Bill Donohue

She’s advertised quite a bit on Fox News, posing as an advocate for TikTok. In full habit, she is introduced as Sister Monica Clare. Most people would just assume she is a Catholic nun—there aren’t too many Protestant ones—but they would be wrong. She’s an Episcopalian.

Sister Monica Clare may look like a traditionalist, but she is very much a radical activist. She champions gender equality, “inclusion,” women’s rights (presumably abortion) and Black Lives Matter (she’s even marched with them).

Born Claudette Monica Powell, she grew up in an unhappy household. Her father was a drug addict and mentally ill. She attended a Baptist church with her family, recalling that the Southern Baptists “were very anti-Roman Catholic.” She now claims expertise in dealing with “religious trauma.”

The good sister belongs to a small group of nuns in Mendham, New Jersey. In fact, it’s a dying order: at 58, she is the youngest of them all. Before becoming a nun she was married for two years to a “fanatical atheist,” which ended in divorce.

She then considered joining a Catholic order of nuns, confessing that her life was unfulfilled. But she did not like the Church’s teachings on homosexuality and was put off by the male clergy. Lucky for her, she is now about to become an Episcopal priest.

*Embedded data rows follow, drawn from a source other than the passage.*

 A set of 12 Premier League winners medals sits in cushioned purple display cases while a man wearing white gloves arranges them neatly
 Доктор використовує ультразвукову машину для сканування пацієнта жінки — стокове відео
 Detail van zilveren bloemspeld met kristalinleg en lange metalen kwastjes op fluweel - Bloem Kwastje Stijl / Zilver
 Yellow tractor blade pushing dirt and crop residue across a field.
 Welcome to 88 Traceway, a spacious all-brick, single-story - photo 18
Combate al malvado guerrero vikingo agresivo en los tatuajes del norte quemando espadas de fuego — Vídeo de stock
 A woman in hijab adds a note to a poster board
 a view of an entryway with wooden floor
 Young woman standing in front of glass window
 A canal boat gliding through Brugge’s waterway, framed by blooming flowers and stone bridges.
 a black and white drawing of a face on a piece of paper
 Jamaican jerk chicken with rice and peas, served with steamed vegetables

Her future is uncertain. While she is sure to continue posting animal videos, will her quest to climb the hierarchy and assume a privileged position in the Episcopal Church leave her TikTok fans feeling disabused? Or will she use her new mantle to become an even more rabid advocate of left-wing causes?

One thing is for certain. TikTok needs her. Under fire by Republicans and Democrats alike, it has been accused of violating data privacy and national security. John F. Plumb, assistant secretary of defense for space policy, has called it a “potential threat vector” to the United States. “Chinese cyber intrusions are the most prolific in the world,” he says.

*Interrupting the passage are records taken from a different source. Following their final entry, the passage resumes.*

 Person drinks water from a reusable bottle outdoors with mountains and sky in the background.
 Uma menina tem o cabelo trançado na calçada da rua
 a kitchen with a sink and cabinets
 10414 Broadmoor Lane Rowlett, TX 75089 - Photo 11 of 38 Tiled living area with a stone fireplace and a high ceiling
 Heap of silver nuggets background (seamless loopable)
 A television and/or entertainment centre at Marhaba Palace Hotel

Congresswoman Cathy McMorris Rodgers has accused TikTok of conspiring with the Communists, saying, “The Chinese Communist Party poses the greatest national security threat to the United States of our time.” Congressman Mike Gallagher is even more pointed. “This is my message to Tiktok: break up with the Chinese Communist Party or lose access to American users.” On March 13, the House will vote on exactly this issue.

When Sister Monica Clare climbs the social ladder to Rev. (it makes no sense for a woman to call herself “Father,” unless, of course, she wants to self-identity as such), she may be asked to save TikTok from Washington. The pivotal question is whether she is more likely to side with the Communists than the Congress.